New, simplified pricing for Oracle Corp.'s 11i applications suite was announced here Thursday at Oracle AppsWorld by Chairman and Chief Executive Officer Larry Ellison. Effective now, customers will pay US$4,000 per power user, and $400 per casual user for use of the software.
"Our price list was very complicated. We had all these complex matrixes. I couldn't keep it in my head," Ellison said at a press briefing after his keynote address. "This is the complete price list, for everything you want."
As often happens when Ellison speaks at press conferences, he apparently jumped ahead of the Oracle public relations office, which later issued a separate statement "confirming" what the company chief had already revealed to reporters and promising additional information.
Ellison also detailed Oracle's new outsourcing plan, promising to slash IT budgets by 5 percent. Oracle will take over a client's complete IT operation in exchange for a five-year contract and that company's entire IT budget for a fiscal year to be paid each year. Companies wishing to take part will become ASP (application service provider) customers, a service called Oracle.com, Ellison said.
"We will take your applications and migrate that to full Oracle. We won't charge you for the migration, but will just tell you that you'll pay us what you pay now, sign a five-year contract, and each year we will charge you 5 percent less," Ellison said in his keynote.
The migration includes upgrades of a client's existing IT infrastructure, if needed, Ellison said.
"There will be no requirement to invest to get savings a few years out. You can pencil in your IT budget a few years out. We guarantee you spend less. We think we can move you to a unified environment, charge you less money and still make a lot of money," Ellison said.

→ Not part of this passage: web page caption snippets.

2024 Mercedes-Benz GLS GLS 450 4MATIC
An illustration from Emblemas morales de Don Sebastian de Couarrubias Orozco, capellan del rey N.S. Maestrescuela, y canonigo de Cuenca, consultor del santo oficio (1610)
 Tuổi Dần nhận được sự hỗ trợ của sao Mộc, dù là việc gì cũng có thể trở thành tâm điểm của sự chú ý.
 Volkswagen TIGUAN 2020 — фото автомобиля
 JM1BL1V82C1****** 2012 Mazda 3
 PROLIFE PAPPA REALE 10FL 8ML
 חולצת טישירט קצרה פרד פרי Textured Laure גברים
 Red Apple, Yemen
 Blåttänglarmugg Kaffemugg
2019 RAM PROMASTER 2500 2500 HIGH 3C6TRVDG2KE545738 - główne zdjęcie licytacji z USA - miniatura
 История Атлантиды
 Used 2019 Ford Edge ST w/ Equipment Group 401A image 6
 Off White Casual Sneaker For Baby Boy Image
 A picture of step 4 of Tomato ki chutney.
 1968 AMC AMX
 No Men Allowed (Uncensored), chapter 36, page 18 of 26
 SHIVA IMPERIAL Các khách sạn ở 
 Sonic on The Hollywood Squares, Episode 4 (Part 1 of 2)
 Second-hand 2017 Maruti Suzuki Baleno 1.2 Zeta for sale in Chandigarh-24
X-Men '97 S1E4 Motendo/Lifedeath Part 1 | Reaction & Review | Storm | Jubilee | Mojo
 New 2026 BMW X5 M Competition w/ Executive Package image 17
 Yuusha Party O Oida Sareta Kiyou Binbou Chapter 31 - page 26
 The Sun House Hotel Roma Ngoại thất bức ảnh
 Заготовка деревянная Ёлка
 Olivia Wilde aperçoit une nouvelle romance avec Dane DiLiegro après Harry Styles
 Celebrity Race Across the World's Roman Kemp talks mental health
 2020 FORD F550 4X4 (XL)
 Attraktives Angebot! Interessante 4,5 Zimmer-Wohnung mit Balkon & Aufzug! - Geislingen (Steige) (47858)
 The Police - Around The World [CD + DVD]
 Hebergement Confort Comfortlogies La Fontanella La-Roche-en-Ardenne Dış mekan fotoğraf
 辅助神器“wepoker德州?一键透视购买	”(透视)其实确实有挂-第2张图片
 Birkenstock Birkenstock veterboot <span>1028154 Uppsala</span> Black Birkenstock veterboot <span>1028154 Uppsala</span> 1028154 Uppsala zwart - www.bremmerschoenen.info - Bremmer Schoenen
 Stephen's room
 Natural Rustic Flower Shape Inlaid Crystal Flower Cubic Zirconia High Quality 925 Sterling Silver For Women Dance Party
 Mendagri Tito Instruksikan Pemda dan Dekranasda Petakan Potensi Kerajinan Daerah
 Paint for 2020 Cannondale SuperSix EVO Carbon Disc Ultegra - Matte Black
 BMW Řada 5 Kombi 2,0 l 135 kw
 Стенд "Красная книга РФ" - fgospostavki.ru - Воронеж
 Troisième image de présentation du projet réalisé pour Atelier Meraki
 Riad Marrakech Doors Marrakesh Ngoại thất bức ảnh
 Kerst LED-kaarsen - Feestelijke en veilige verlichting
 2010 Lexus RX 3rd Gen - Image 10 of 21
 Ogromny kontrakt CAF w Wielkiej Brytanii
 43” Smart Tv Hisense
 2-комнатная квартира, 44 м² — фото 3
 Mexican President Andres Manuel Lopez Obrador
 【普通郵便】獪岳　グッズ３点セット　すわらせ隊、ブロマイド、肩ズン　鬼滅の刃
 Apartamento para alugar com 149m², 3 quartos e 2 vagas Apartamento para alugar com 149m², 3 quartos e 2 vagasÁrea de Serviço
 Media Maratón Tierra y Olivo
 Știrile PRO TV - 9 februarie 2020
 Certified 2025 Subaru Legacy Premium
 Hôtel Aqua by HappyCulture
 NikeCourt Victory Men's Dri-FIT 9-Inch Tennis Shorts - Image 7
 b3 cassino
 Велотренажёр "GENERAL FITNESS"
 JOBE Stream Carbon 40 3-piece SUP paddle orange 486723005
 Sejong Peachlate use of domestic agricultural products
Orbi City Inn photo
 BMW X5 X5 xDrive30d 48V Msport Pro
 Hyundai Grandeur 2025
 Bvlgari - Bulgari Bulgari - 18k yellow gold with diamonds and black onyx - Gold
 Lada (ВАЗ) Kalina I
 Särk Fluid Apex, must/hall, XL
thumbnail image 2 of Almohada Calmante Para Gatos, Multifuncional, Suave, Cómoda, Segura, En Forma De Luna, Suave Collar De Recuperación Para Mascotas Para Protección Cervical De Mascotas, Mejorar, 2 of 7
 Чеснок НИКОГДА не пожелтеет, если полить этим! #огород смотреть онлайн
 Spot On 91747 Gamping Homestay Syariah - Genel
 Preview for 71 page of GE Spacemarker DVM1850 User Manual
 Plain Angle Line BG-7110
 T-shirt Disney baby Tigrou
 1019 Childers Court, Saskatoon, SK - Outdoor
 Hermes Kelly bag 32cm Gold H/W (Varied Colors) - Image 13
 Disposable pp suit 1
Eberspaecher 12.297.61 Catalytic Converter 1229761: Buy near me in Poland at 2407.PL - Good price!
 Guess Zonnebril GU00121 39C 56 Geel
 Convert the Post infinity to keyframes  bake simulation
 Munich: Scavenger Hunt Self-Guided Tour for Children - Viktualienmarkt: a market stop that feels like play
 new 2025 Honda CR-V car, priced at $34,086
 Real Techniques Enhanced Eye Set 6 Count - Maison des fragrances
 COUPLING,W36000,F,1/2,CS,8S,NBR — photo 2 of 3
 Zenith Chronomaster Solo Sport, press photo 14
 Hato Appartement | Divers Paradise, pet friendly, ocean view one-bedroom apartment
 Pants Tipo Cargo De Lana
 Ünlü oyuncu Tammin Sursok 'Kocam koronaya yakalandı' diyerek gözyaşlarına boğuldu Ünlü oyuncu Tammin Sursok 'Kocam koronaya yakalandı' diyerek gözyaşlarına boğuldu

The deal to move customers to the Oracle.com ASP service is remarkable, said Beth Barling, a senior analyst with AMR Research Inc.
"This is an amazing deal, not only will they (Oracle) replace everything you have, but they will also give you 5 percent of your budget. The caveat is if they will be able to meet demand," she said.
On the new pricing for 11i, Barling said questions remain, as Oracle has not defined its power and casual user scheme. Also, Barling said, "what happens if you only want part of the applications suite?"
Looking into the future of the applications suite, Ellison said he doesn't expect a version 12i to come anytime soon.
"The 11i framework is so robust that we think we can enhance and improve it without going to a next version of our software," he said, joking that there won't be a 12i until "the day after I retire."
Oracle has more than 12,000 customers worldwide on different versions of its applications software. Of those, about 1,150 are now live on version 11i, which was introduced 18 months ago, Oracle said. The company expects half of its applications customers to move to its ASP offering within five years, it said this week.